I leaned back, studying him. “Someone’s been hitting my family’s networks. It’s bad.”

His calm expression didn’t change. “And you think it’s my people?”

It wasn’t just the betrayal that stung. It was personal.

Four years ago, I’d left New York and gone to Tokyo because of the Yakuza. My uncle had been killed, his control over our family’s operations in Japan slipping into chaos. I’d spent four goddamn years clawing back respect for my family’s name, reasserting power in a world where strength was the only currency that mattered, only to come back to New York and deal with the same shit again.

“You were the only one disciplined enough to pull something like this off.” I let the weight of the words settle before I pushed a tile forward –Red Dragon. “But you’re not in the game anymore.”

Ojiisan nodded slowly. “You always were the sharp one. It’s not me. But I know who it probably is.” He reached for his tea and took a careful sip. “The new boss, Kazuo. He’s young. And young men make poor kings.” He set down another tile. “They burn their own houses down just to prove they own the fire.”

I exhaled slowly. “Why him?”

“I never had children, and the clan would not follow a ghost.” His lips pressed together. “Kazuo has blood, but no discipline. I did what I could before stepping away, but a man cannot lead wolves if he does not understand hunger.”

The weight in his voice told me everything. He knew what Kazuo was, but it was no longer his war to fight.

I picked up a tile –West Wind.

“You’re telling me to handle this myself.”

He gave a small shrug. “I’m telling you what is.”

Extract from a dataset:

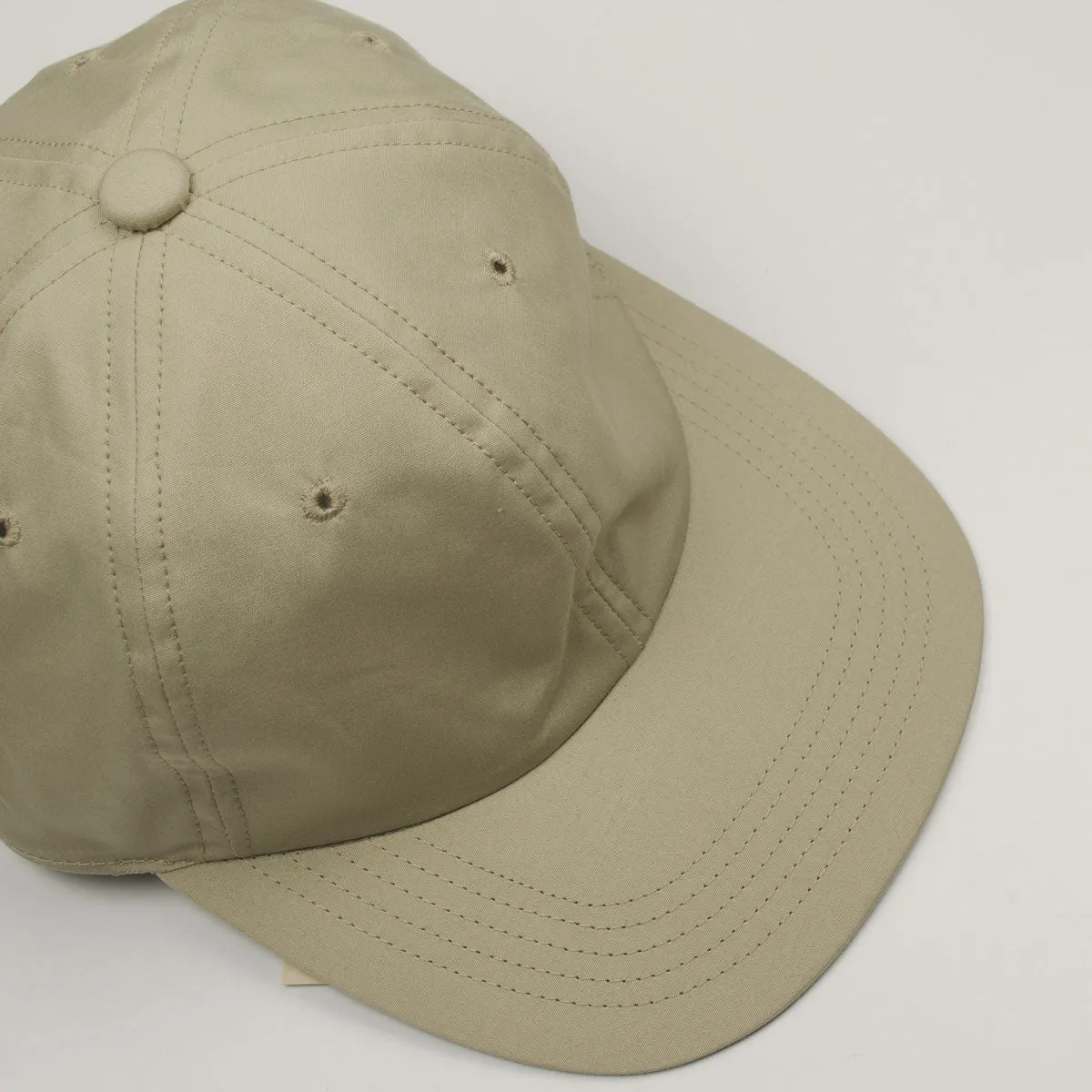 cableami 6-Panel Cap Light Beige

Silence again. The game continued.

After a few more rounds, he placed his final tile down, and a soft smirk tugged at the corner of his mouth. “Mahjong.”

I chuckled, shaking my head. “I let you win.”

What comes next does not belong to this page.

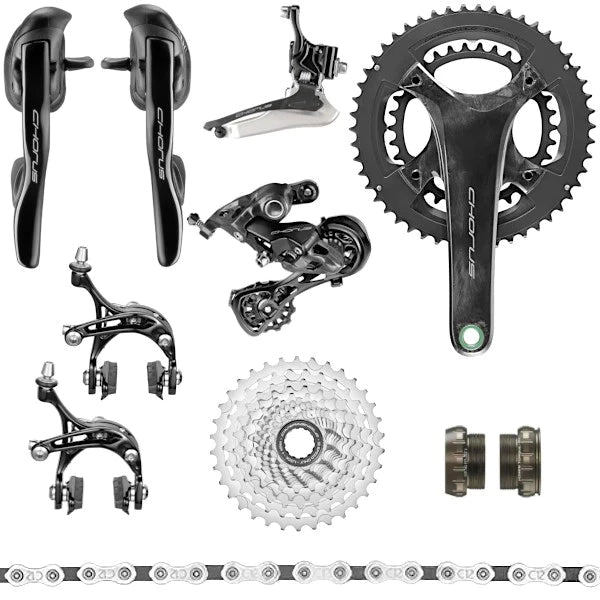 【新品】Campagnolo Chorus 12速 グループセット Campagnolo Chorus 12 Groupset - La Bicicletta Toronto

“Lying to an old man?” He crushed his cigarette into a jade ashtray. “Careful,Kaito-san. That’s how you lose your soul.”

I pushed back my chair, slipping my coat over my shoulders, before bowing my head in respect. “Haisha moushiagemasu, Ojiisan-sama. Deha mata.”Thank you. See you soon.

He didn’t answer, just nodded as I disappeared into the neon-lit night, heading toward the storm I knew was coming.